Herman Saftleven, 'Christ Teaching from Saint Peter's Boat', 1667
Full title | Christ teaching from Saint Peter's Boat on the Lake of Gennesaret |
---|---|
Artist | Herman Saftleven |
Artist dates | 1609 - 1685 |
Date made | 1667 |
Medium and support | oil on wood |
Dimensions | 46.7 × 62.8 cm |
Inscription summary | Signed; Dated and inscribed |
Acquisition credit | Presented by Charles Locke Eastlake, 1906 |
Inventory number | NG2062 |
Location | Not on display |
Collection | Main Collection |
A dramatic landscape unfolds in this small picture. Although the painting has a biblical subject, it is the mountains and sky that demand our attention. Towering clouds open up to reveal a radiant sun, and pine trees grow on the steep cliffs, framing an expanse of water and sky. The people depicted are dwarfed by nature.
Herman Saftleven specialised in landscape paintings, some of which had a mythological or religious subject; this one shows an important episode from the Gospel of Luke. Christ, dressed in blue, is sitting on the larger of the boats moored by the water’s edge. He preaches to the crowds that have gathered, raising his right arm upwards. After his address, Christ instructed the fisherman Simon (afterwards known as Peter) to lower his nets, even though they had caught nothing for hours. The nets came up full of fish. Simon Peter, together with his fellow fishermen James and John and his brother Andrew, decided to follow Christ, becoming his apostles.
A dramatic landscape unfolds in this small picture. Although the painting has a biblical subject, it is the mountains and sky that demand our attention. Towering clouds open up to reveal a radiant sun, and pine trees grow on the steep cliffs, framing an expanse of water and sky. It takes a moment to notice that people are scattered throughout the landscape, dwarfed as they are by nature, and even then, the painting’s subject is not immediately clear.

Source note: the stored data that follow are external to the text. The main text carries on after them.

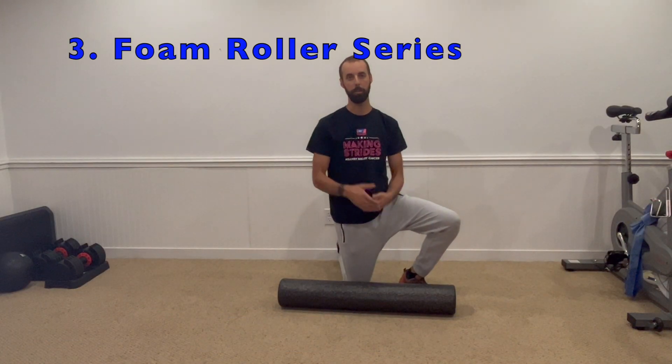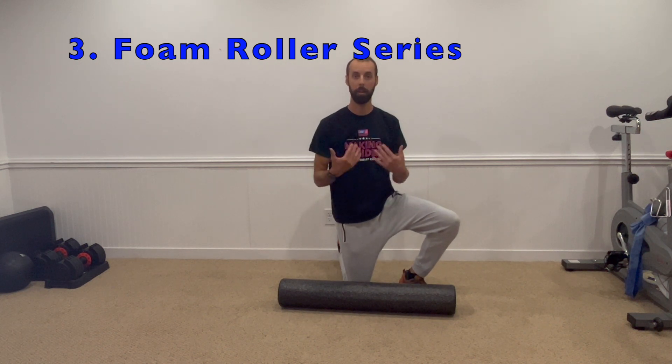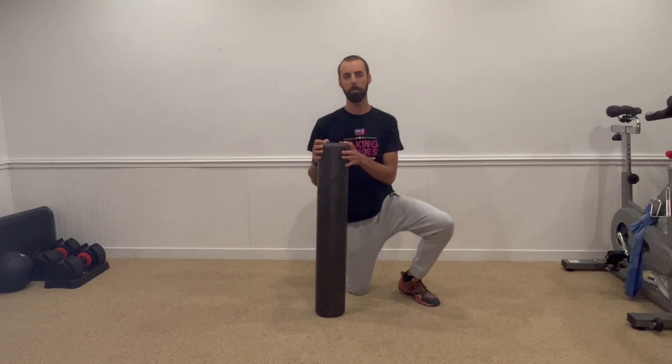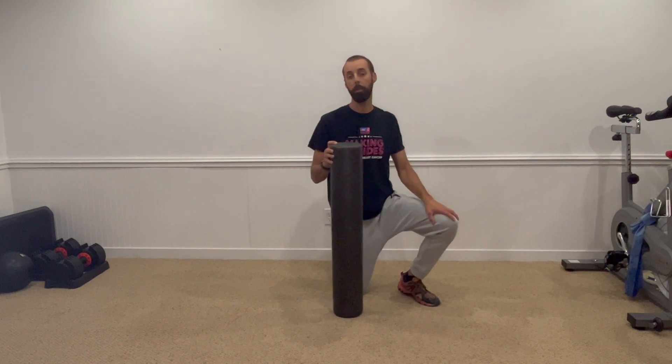The next exercise is a foam roller series — we're going to do two things: one called the backstroke, and one called a thoracic or mid-back extension. This is going to help us work on the mid-back where we really get that flexed, bent posture. You can get foam rollers on Amazon, at sporting goods stores, or Target for about $20. If you don't have one, roll up a few beach towels or use PVC pipe — anything about four inches thick that lifts you up a bit.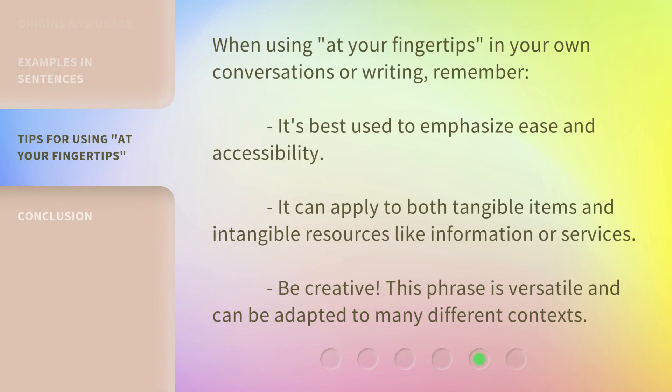When using "at your fingertips" in your own conversations or writing, remember it's best used to emphasize ease and accessibility. It can apply to both tangible items and intangible resources like information or services. Be creative — this phrase is versatile and can be adapted to many different contexts.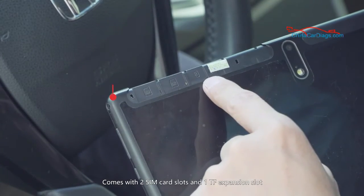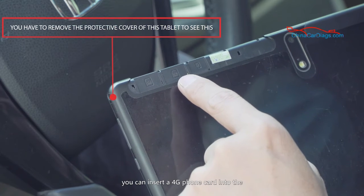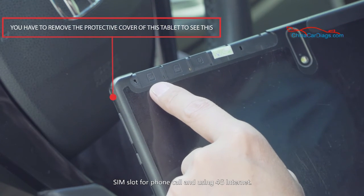It comes with two SIM card slots and a TF expansion slot. You can insert a 4G phone card into the SIM slot for phone calls and using 4G internet.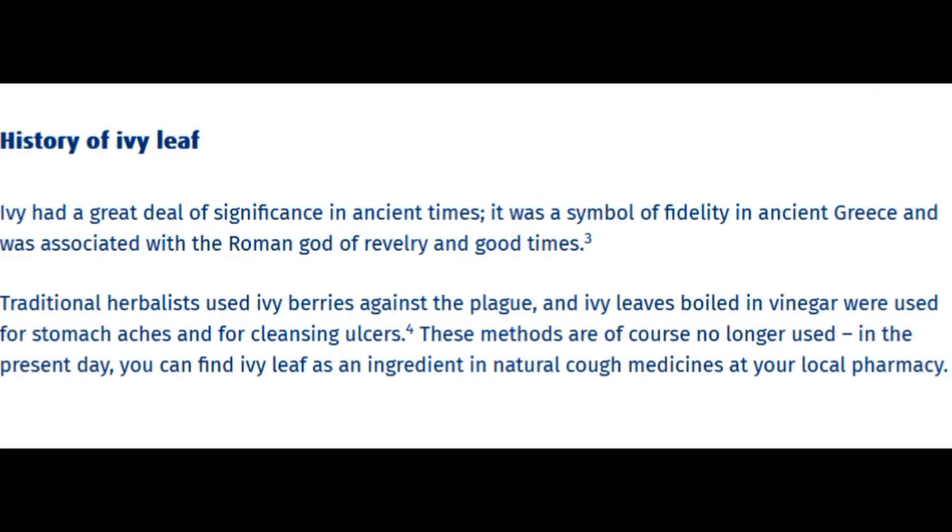History of ivy leaf: Ivy had a great deal of significance in ancient times. It was a symbol of fidelity in ancient Greece and was associated with the Roman god of revelry and good times. Traditional herbalists used ivy berries against the plague, and ivy leaves boiled in vinegar were used for stomach aches and for cleansing ulcers. These methods are of course no longer used today. You can find ivy leaf as an ingredient in natural cough medicines at your local pharmacy.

The action seems to take place by the two boats moored on the water’s edge. The story can be found in the Gospel of Luke, which recounts how Christ was standing beside the lake of Gennesaret, better known as the Sea of Galilee, as a crowd gathered to hear the word of God. He saw that two boats were empty, the fishermen drying their nets, and decided to board the one belonging to a man named Simon. He addressed the crowds from there. A small figure dressed in blue is visible on the larger boat, his right arm pointing upwards to God. A very faint halo further identifies him as Christ.
After his address, Christ instructed Simon to lower his nets into the water, even though the fishermen had caught nothing so far. Miraculously, when the nets were raised they held a huge haul of fish. Somewhat cryptically, Christ said to Simon that from now on he would be catching people instead of fish. The fishermen who witnessed this miracle – Simon, James, John, and Simon’s brother Andrew (not mentioned by Luke) – decided to abandon their livelihoods then and there, and to follow Christ instead. These men would become Christ’s apostles, and the story’s protagonist Simon is better known as Saint Peter.
Herman Saftleven signed the bottom left of his picture on a rock above and to the left of a child’s head. Bought by Sir Charles Eastlake, first Director of the National Gallery, it remains the artist’s only picture in the Gallery’s collection. Saftleven, who was born in Rotterdam, started specialising in landscape painting at about the same time that he settled in Utrecht in 1633. From the 1650s onwards, he started painting landscapes like this one, with scenery inspired by his travels through the Rhineland, sometimes with a mythological or religious subject.